Policing in the United States is inseparable from white supremacy and capitalism. It functions to enforce systems of economic power, social hierarchy, and political obedience. From its origins in “slave patrols,” to its extensive overlap with far right and white supremacist organizations. These are only a few reasons that policing cannot be reformed. Plainly put, policing is not broken; it functions exactly as it was created.

At Showing Up for Racial Justice, we refuse to accept the lie that communities are safer with more police. Because we know that violence is inherent to policing. The ever-increasing militarization of police does not keep communities safe, as seen in the police-instigated violence of launching tear gas and firing “less lethal” rounds at protestors, nor the record-breaking deployment of 75,000 national guard troops in 31 states. And we all know that the violence of policing doesn’t stop when the shift is over. Families and partners of police officers are nearly twice as likely to be victims of domestic violence.

Police protection is a myth. Poor and working class white people know this all too well. We have seen our loved ones who use drugs locked up and abused by police. We have seen police do nothing or blame us when there was violence in our homes. And some of us have been thrown out of our homes by police and sheriffs. The point is, there are many of us who are ready for policing to end. There are many of us whose lives depend on joining together to create something new.

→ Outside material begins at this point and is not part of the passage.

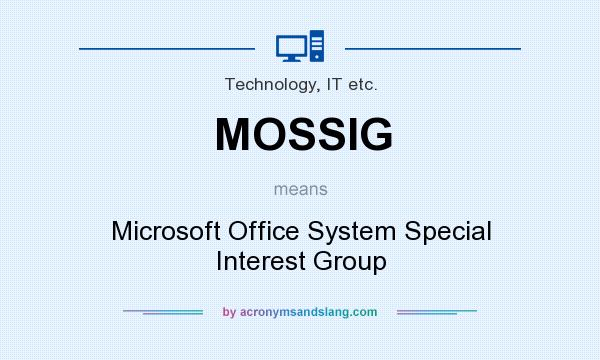 What does MOSSIG mean? It stands for Microsoft Office System Special Interest Group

That is why SURJ is asking white people to withdraw consent from policing now. Join us in the movement to Defund the Police. This means building real safety by claiming our right to basic needs — healthcare, housing, education — and investing in Black, Indigenous, people of color, and poor and working class communities.

Links to Far Right Groups

In June 2020, Political Research Associates published an article titled, Police, Paramilitaries, and Protests for Racial Justice. “The biggest threat posed by [far right] groups, in the current moment,” writes PRA, “may be that of collaboration, alignment, and involvement with law enforcement. In some cases, this has included police who are allied to or members of explicitly racist organizations such as the Klan.” Vigilantes have often played an important, even semi-institutionalized role as enforcers of hierarchy and power in the United States. This includes lynch mobs but also company guards cracking down on organized labor. This overlap with far right and white supremacist organizations is one important reason we cannot reform the police.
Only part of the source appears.